Another data storage center sets up shop in Las Vegas
Feb 08, 2013 (Las Vegas Sun - McClatchy-Tribune Information Services via COMTEX) --
Storing corporate data has become an industry unto itself in Nevada and city officials in Las Vegas welcomed one of the newest entries to the market Thursday.
Cobalt Data Centers opened its doors to local business representatives and government officials with tours of its 34,000-square-foot, 5.5-megawatt facility on West Cheyenne Avenue in the center of a cluster of technology companies.
Cobalt CEO Mike Ballard said the facility, open since early January, houses data from an undisclosed number of clients representing the gaming, health care, cloud computing and telecom services sectors. The company does not disclose the names of clients, but Ballard said he is seeing significant demand from Chicago, Texas, and California-based companies and those seeking to serve those markets.
Cobalt is expecting to employ 20 people within its first year.

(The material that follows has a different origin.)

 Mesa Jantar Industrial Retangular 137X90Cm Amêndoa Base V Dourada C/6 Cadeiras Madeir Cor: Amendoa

Ballard said several factors have resulted in Southern Nevada becoming home to data storage facilities, including its proximity to California, the absence of natural disasters here, the state's stable tax rate, the relatively low cost of power and superior fiber-optic connectivity.

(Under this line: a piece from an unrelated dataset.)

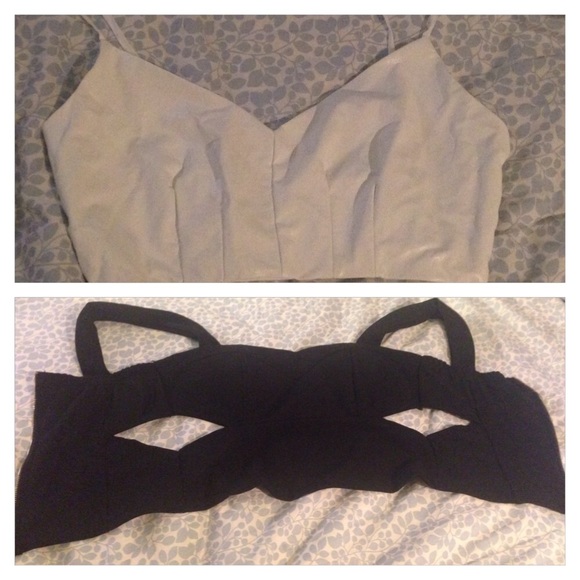 2 crop tops: 1 white 1 black - Picture 1 of 4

"We don't have earthquakes here," Ballard said. "In California, there's a 99 percent chance there's going to be an earthquake somewhere in the next five or six years. The insurance companies and the regulatory agencies have recommended that companies store their data off a fault line."
Ballard and his principal partners, Joseph Gallagher, Russ Ketchum, Mark Hanson and Tom Harris, gave tours of the facility, the first of two Cobalt plans in the valley.
Cobalt controls an additional site for large-scale deployment and wholesale operation at the Las Vegas "carrier row" on Sahara Avenue.
Cobalt joins Switch Communications in the market. Switch has multiple facilities, including its "SuperNAP" operation, which industry leaders say is the 10th largest in the country and has the largest cooling and power system in the industry.
Another data storage company, ViaWest, is expanding its Southern Nevada presence and plans a similar grand opening event later this month in North Las Vegas.
ViaWest recently received state tax incentives from the Governor's Office of Economic Development to expand its operation.